The stand at the end of the road features 4-5 baskets of different greens caught my eye. We were having a terrible time communicating with one another. Due to my hunger for her greens and the shopowner’s determination to make a sale we found a neighbor man to help with the transaction. Problem solved!

 

All of my stipend is spent on food. Baskets of fresh produce are sold everywhere, at the markets, along every lane, on the corners, and there are even sellers that walk up and down the streets selling their specialty from a basket balanced on their head. Yet I am down to my college weight, skinny and tanned.

I Will Ride About

Morning in Antsirabe

I have to ride about ½ hour to get out of the city then I’m riding through little towns, suburbs really, maneuvering my place on the road with semi-trailer trucks, taxi brousses, scooters, and motor bikes. There are some dirt road offshoots that I can explore. Muddy and deeply rutted paths. I’m saving those for when I’m brave or have time to get lost.

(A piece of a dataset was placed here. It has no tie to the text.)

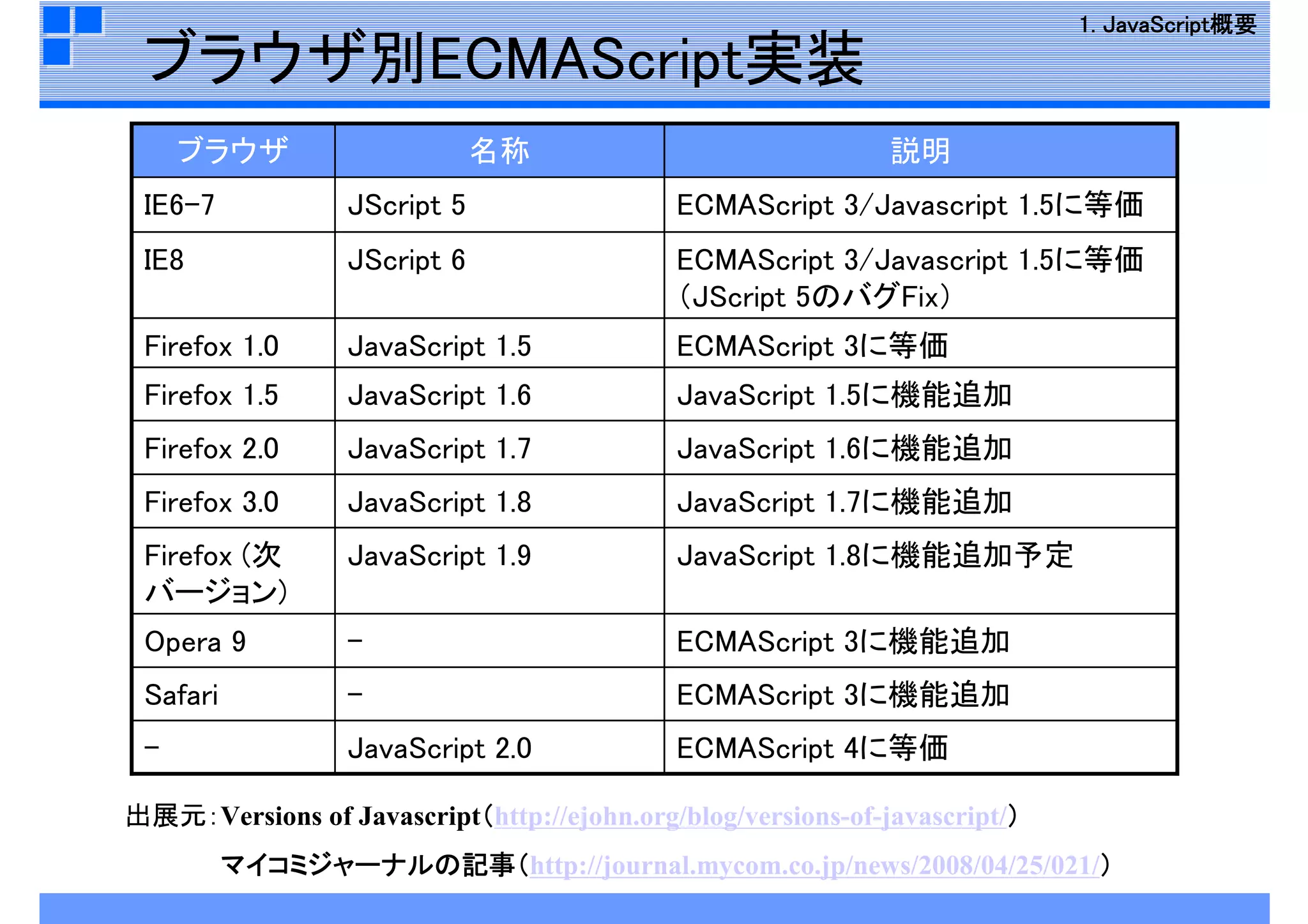 JavaScript再入門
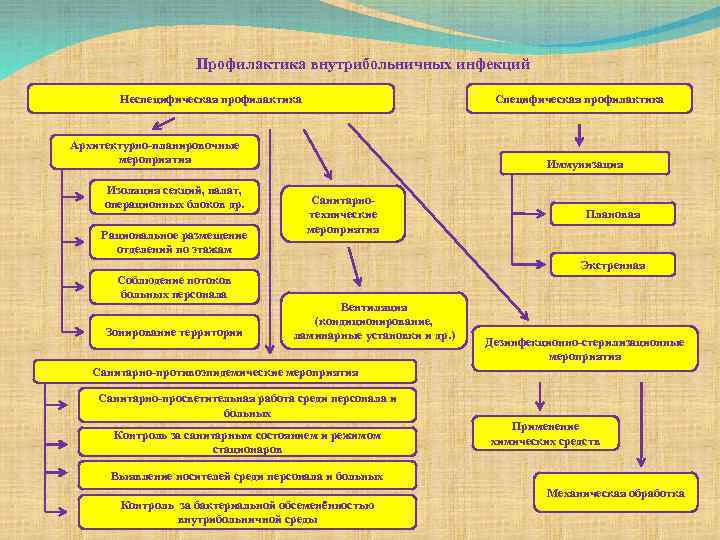 Профилактика внутрибольничных инфекций Неспецифическая профилактика Специфическая профилактика Архитектурно-планировочные мероприятия Изоляция секций, палат, операционных блоков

Most mornings, if I leave early enough, I greet the goat herder who allows his few animals to munch on the green grass lining our lane. Later in the day the goats will be replaced by street mothers asking for money, always in French.

Skinny cows pull their carts in belching traffic, sometimes the equally skinny farmer will hop out to guide them, whip in hand. Supplying the city of meat isn’t hidden in large regional packing houses, it is front and center of daily life.

Cycling in Antsirabe is not that different than Denver. I would dodge traffic and angry truck drivers there too. Though I reap new rewards here, all types of vendors line the road ranging from fresh vegetables and fruits to bicycle repair to used clothing.